Estate planning is rarely a straightforward, simple process. Rather, it requires thoughtful, detailed consideration of how to plan for the eventual transfer of your estate to your loved ones. However, for those with blended families, this process can become even more complex.
Remarriage has been rising across both Florida and the U.S. for years. Whether the makeup of your family includes a second or third marriage, children from previous relationships, stepchildren or more, estate planning for your unique family structure may require some additional problem solving to account for potentially sensitive circumstances. For this reason, it is critical to not only get started early on your estate plan, but to continually update it to keep it current.
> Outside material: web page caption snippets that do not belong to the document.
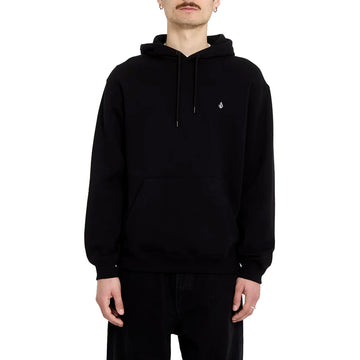 Volcom Felpa Con Cappuccio Single Stone Streetwear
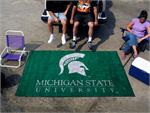 Michigan State Spartans Ulti-Mat Tailgater Mat
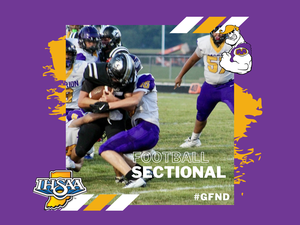 promo graphic - football sectional 2025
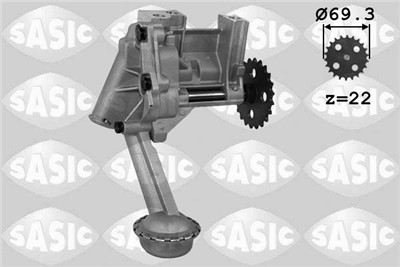 SASIC 3654010 EAN: 3660872450845.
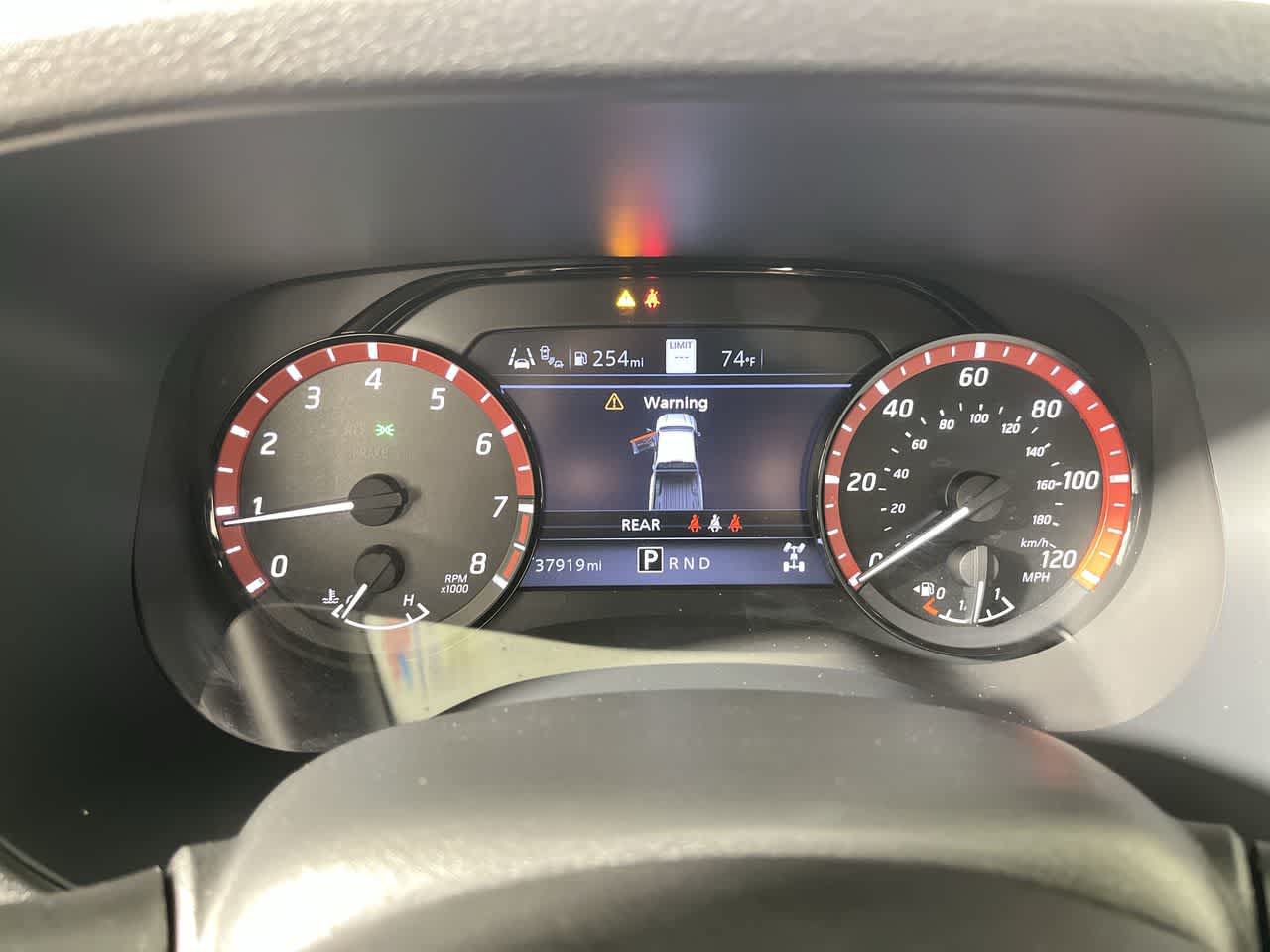 Used 2023 Nissan Frontier PRO-4X w/ Pro-4X Premium Package AWD/4WD image 17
The importance of communication
Discussing your estate plan with your family may seem uncomfortable or emotional. However, doing so in advance to provide clarity can go a long way to avoid disputes or confusion later on. Talk to your spouse about your shared goals to provide for each other while also potentially leaving assets to your children. If beginning this conversation on your own seems too distressing, consider having your attorney guide the discussion.
Tips to consider when planning your estate
Beyond clear and consistent communication, Forbes recently outlined several tips to implement when planning your estate for your blended family:
- Understand you may need more than a will. Consider incorporating a trust into your estate plan to ensure that both your spouse and children gain access to what you intended for them.
- Carefully select your executor and/or trustee. The executor of your estate and trustee of your trust are tasked with important responsibilities. Choose carefully to avoid tension.
- Consider other ways to give to your children. Leaving assets to your children upon your death, including through transfer-on-death deeds, can also ensure they receive what you intended.
- Plan for future uncertainties. You could become incapacitated and unable to make key financial or healthcare decisions. Your spouse could remarry after your death. Plan for such unknowns.
In the aftermath of the death of a loved one, both tensions and emotions can run high among even the tightest-knit of families. By putting careful, thoughtful consideration into your estate plan, you can work to avoid future conflict between your spouse, children, stepchildren and more and ensure that your loved ones receive what you wished.